> MATERIAL FOR THE TASK
· · ·

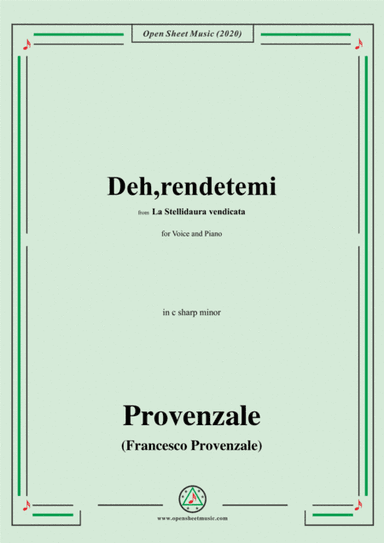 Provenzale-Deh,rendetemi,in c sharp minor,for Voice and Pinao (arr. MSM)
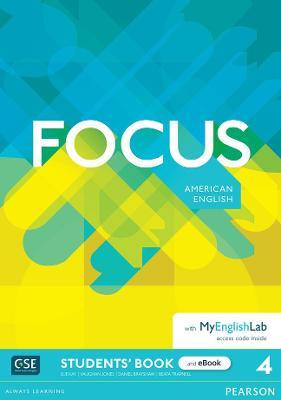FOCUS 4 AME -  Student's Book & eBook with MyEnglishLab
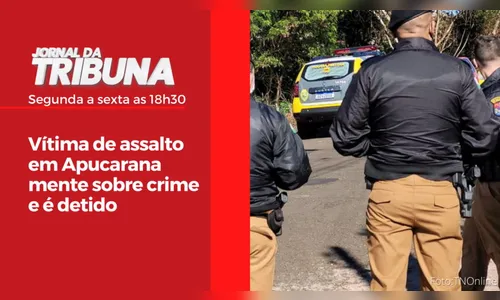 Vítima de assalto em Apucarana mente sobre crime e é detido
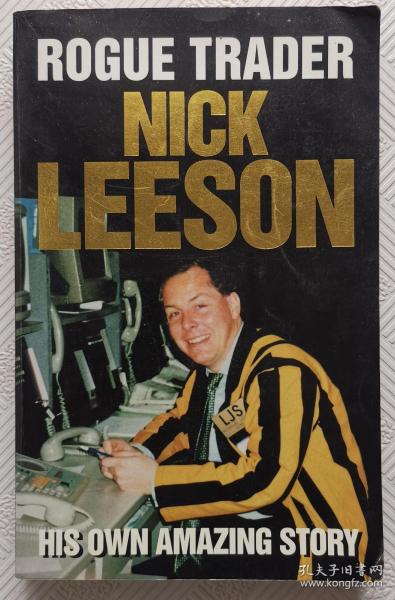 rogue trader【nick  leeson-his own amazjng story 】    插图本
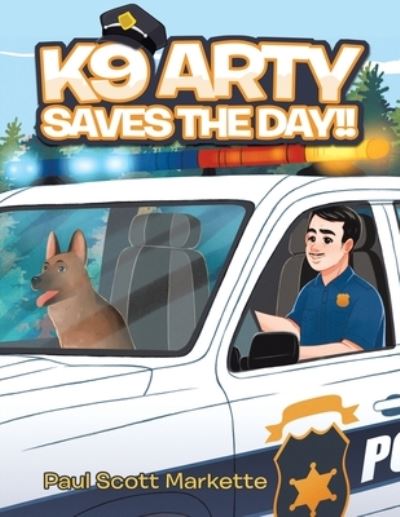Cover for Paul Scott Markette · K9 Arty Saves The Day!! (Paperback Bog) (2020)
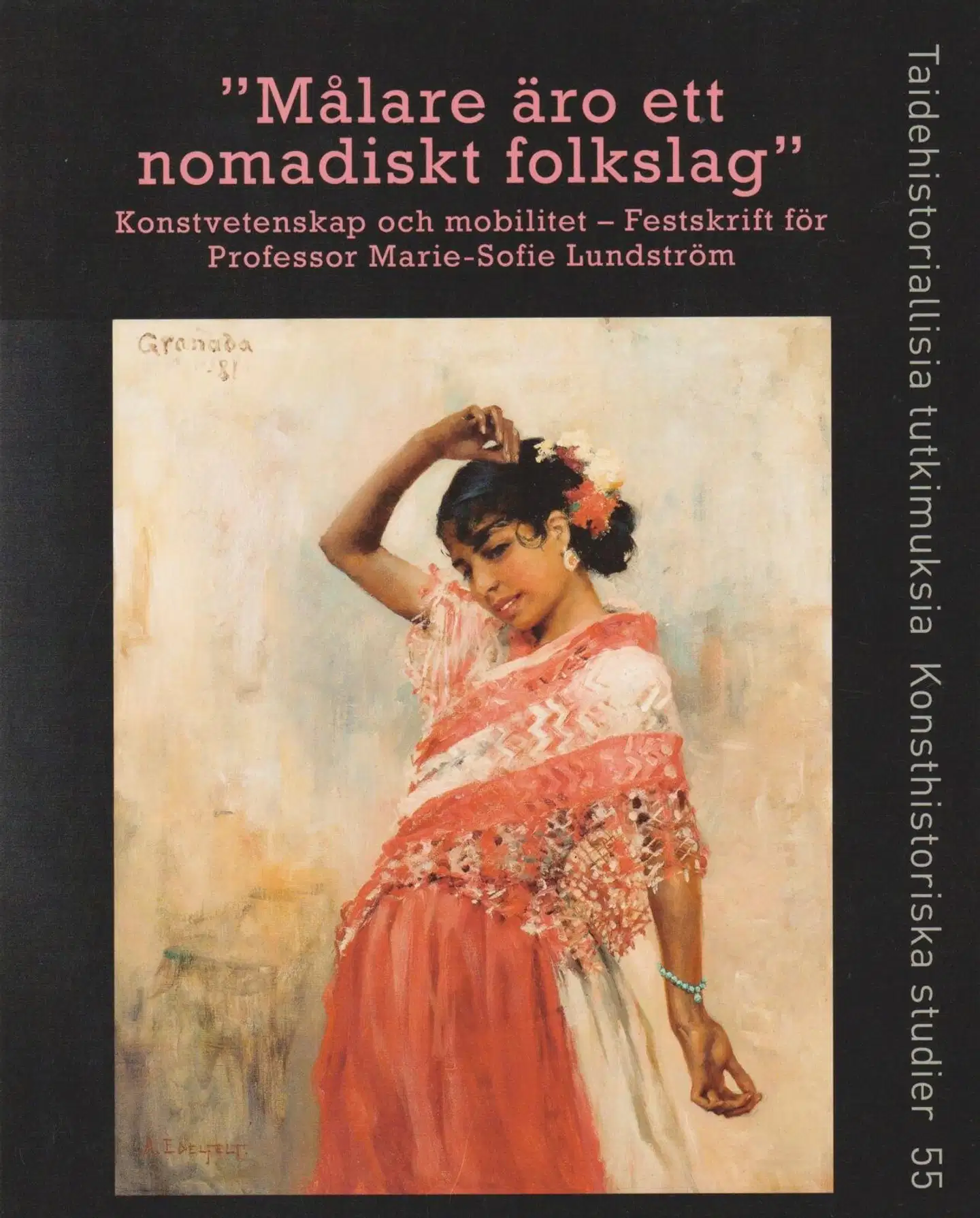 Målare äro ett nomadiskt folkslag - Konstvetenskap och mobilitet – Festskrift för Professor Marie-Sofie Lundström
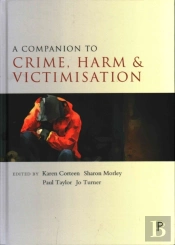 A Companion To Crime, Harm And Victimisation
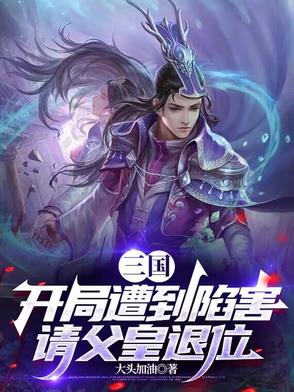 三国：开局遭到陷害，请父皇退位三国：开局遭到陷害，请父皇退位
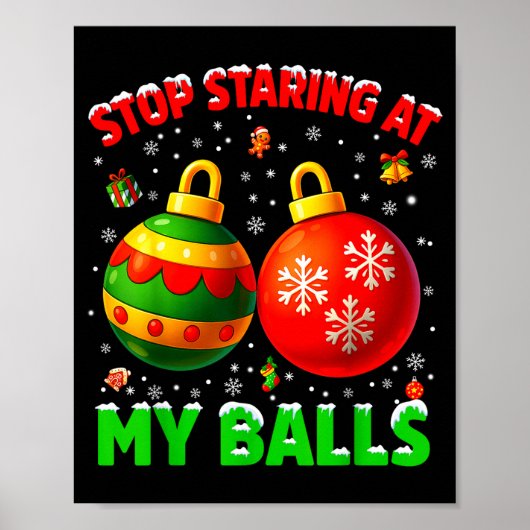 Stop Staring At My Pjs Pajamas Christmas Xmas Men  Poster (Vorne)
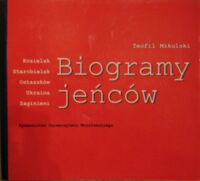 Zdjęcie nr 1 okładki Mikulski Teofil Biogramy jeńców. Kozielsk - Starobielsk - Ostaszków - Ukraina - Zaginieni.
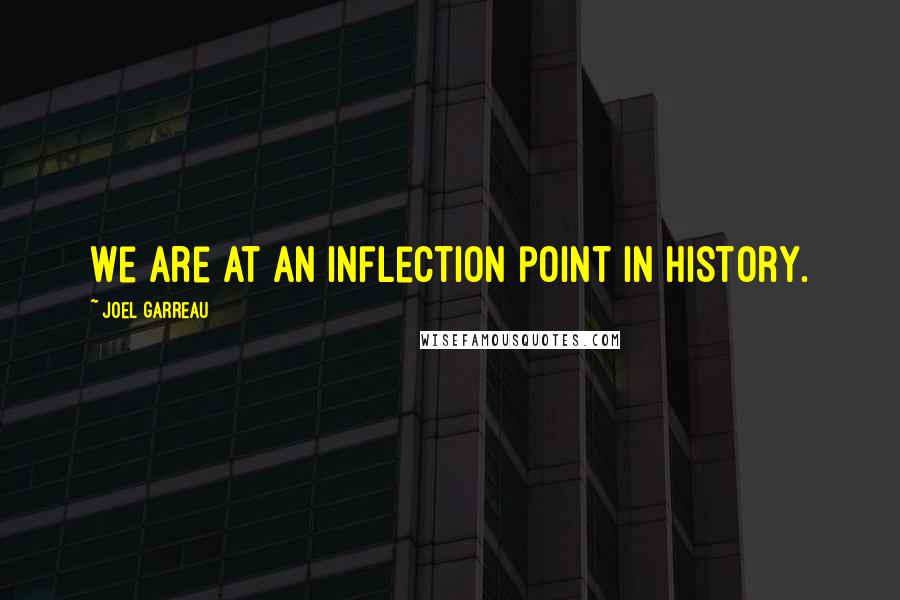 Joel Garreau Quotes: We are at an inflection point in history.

· · ·

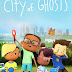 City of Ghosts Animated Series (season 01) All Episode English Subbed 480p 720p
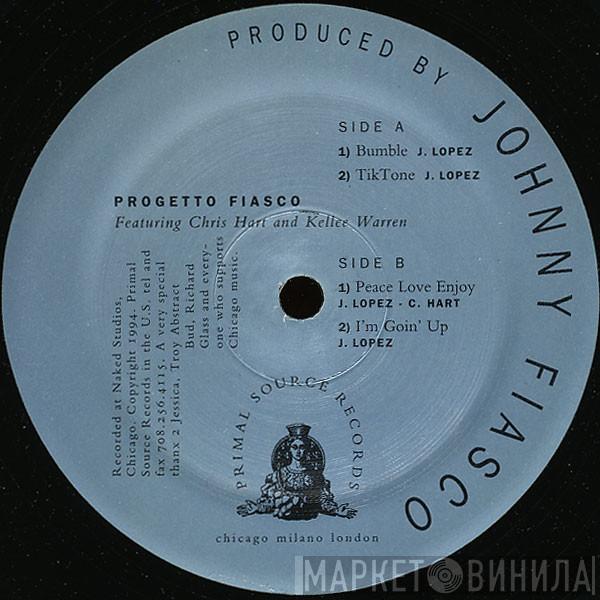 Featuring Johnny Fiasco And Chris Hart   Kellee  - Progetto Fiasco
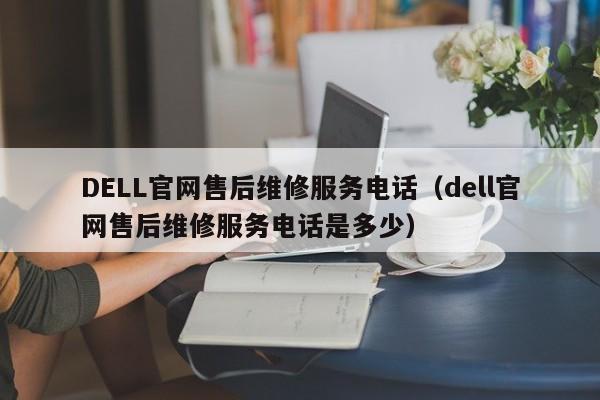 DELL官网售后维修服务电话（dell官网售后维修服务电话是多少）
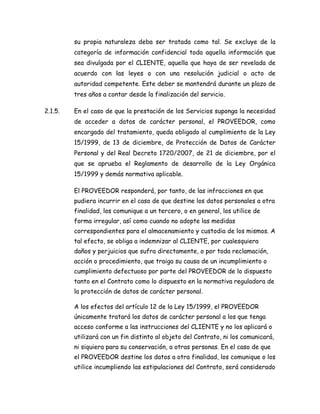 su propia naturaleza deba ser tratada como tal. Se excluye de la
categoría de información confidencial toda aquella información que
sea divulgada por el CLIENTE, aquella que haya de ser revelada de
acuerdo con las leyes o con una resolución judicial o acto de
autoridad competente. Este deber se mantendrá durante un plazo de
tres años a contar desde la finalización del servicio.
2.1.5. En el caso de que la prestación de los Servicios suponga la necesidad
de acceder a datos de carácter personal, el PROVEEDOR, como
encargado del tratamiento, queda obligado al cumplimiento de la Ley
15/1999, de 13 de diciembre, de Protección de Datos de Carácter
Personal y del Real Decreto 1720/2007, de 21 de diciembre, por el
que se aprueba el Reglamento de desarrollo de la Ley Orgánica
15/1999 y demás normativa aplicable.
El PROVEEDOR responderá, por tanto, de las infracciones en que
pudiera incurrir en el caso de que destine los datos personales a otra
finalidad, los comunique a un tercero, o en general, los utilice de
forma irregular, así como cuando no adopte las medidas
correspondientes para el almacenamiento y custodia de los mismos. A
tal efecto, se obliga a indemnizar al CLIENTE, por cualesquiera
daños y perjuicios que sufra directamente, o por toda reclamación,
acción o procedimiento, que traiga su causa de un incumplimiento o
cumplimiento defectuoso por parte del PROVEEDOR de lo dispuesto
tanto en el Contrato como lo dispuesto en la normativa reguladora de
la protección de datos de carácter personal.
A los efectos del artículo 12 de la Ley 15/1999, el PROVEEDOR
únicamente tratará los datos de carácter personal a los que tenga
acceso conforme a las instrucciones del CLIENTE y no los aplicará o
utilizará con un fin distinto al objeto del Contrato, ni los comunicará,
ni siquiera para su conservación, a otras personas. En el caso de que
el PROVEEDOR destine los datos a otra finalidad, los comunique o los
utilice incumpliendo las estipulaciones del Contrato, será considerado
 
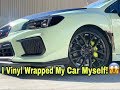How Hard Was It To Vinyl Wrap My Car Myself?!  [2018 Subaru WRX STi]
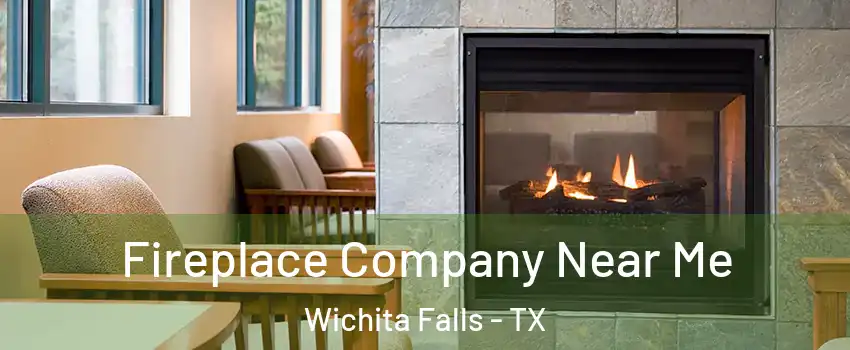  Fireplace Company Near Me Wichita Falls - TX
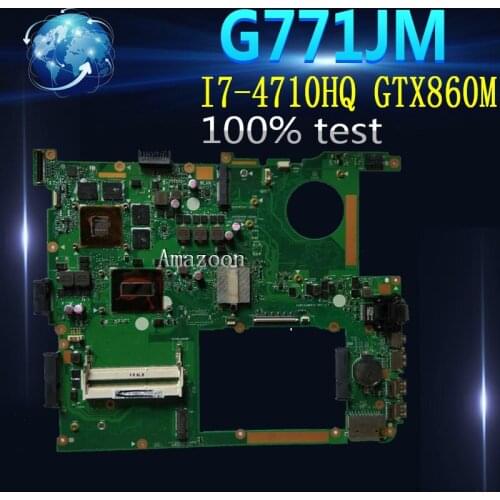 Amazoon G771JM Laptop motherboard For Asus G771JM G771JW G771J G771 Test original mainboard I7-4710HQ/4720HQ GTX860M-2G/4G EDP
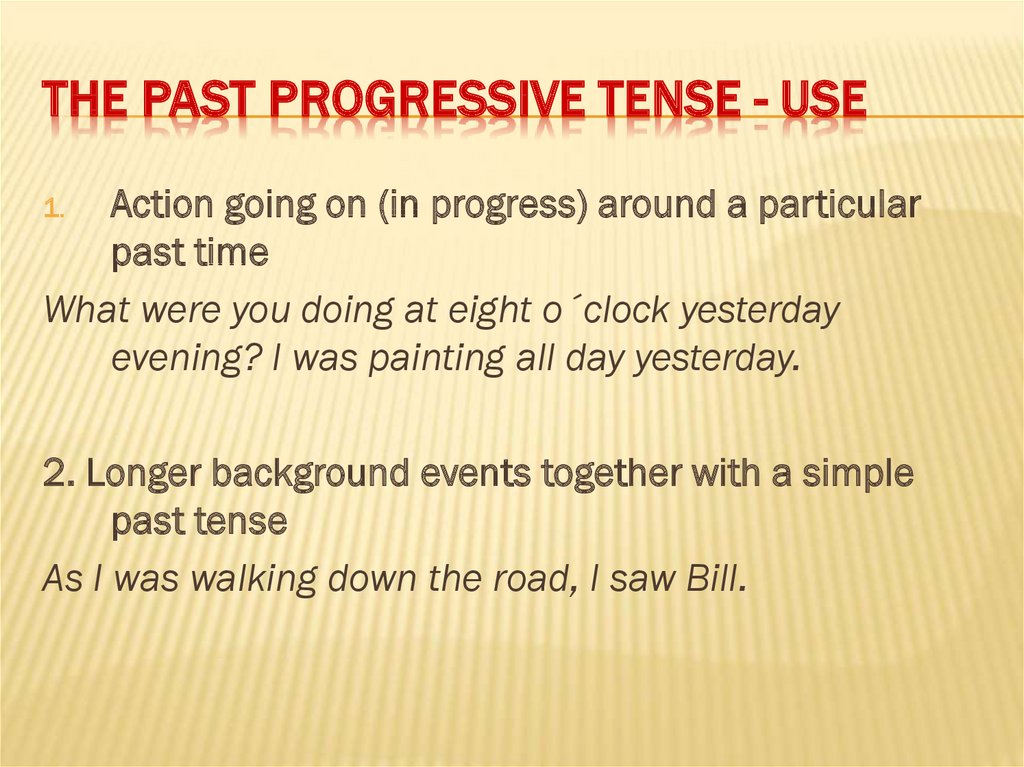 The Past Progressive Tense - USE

· · ·

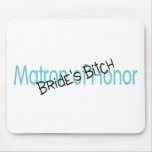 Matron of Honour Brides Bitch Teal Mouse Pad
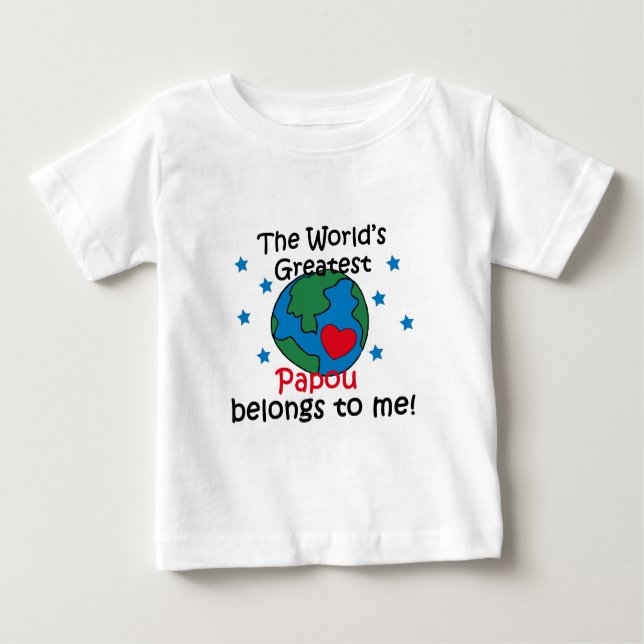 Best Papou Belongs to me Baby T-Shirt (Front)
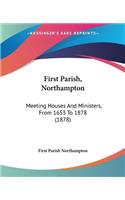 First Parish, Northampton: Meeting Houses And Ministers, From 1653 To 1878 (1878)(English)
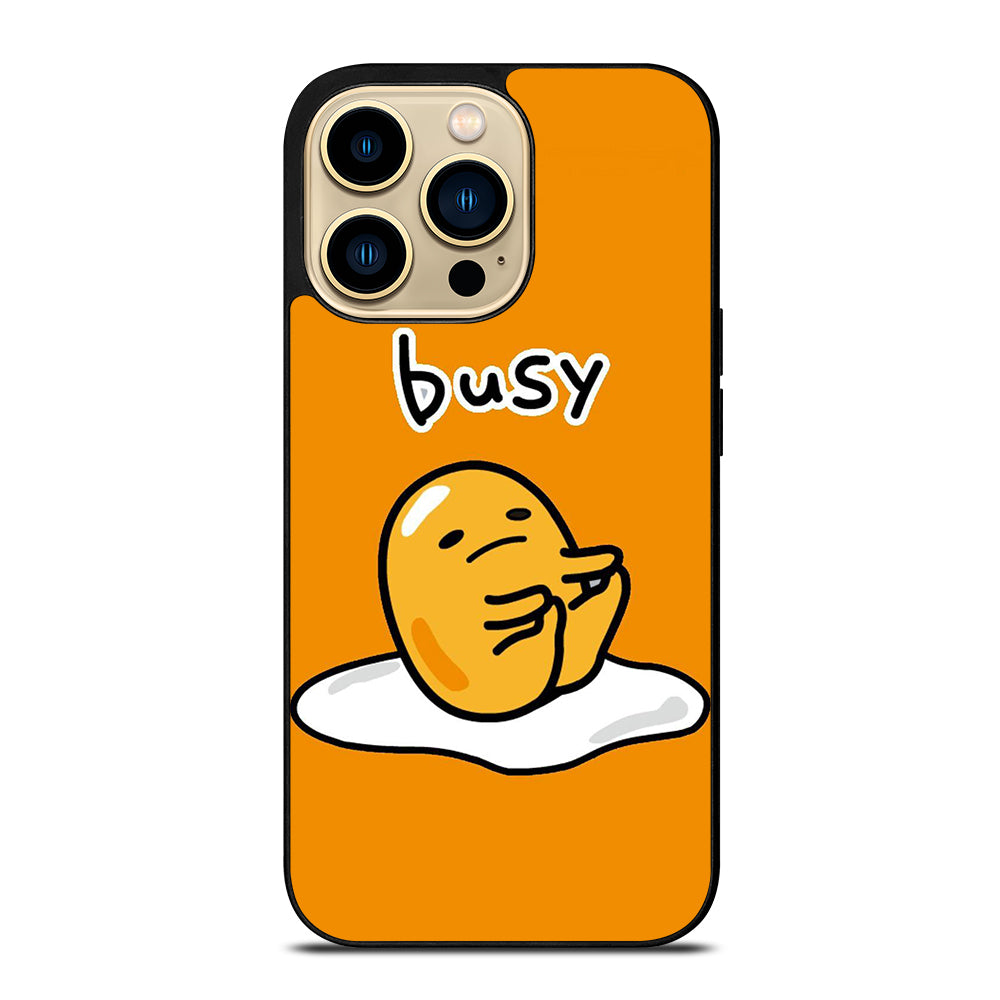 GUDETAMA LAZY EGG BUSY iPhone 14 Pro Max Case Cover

· · ·

> PROMPT
In the data above, retype only the stretch from the line with "Provenzale-Deh,rendetemi,in c sharp" through the line with "leeson-his own amazjng", word for word, and skip any pictures.

> RESPONSE
 Provenzale-Deh,rendetemi,in c sharp minor,for Voice and Pinao (arr. MSM)
FOCUS 4 AME -  Student's Book & eBook with MyEnglishLab
 Vítima de assalto em Apucarana mente sobre crime e é detido
 rogue trader【nick  leeson-his own amazjng story 】    插图本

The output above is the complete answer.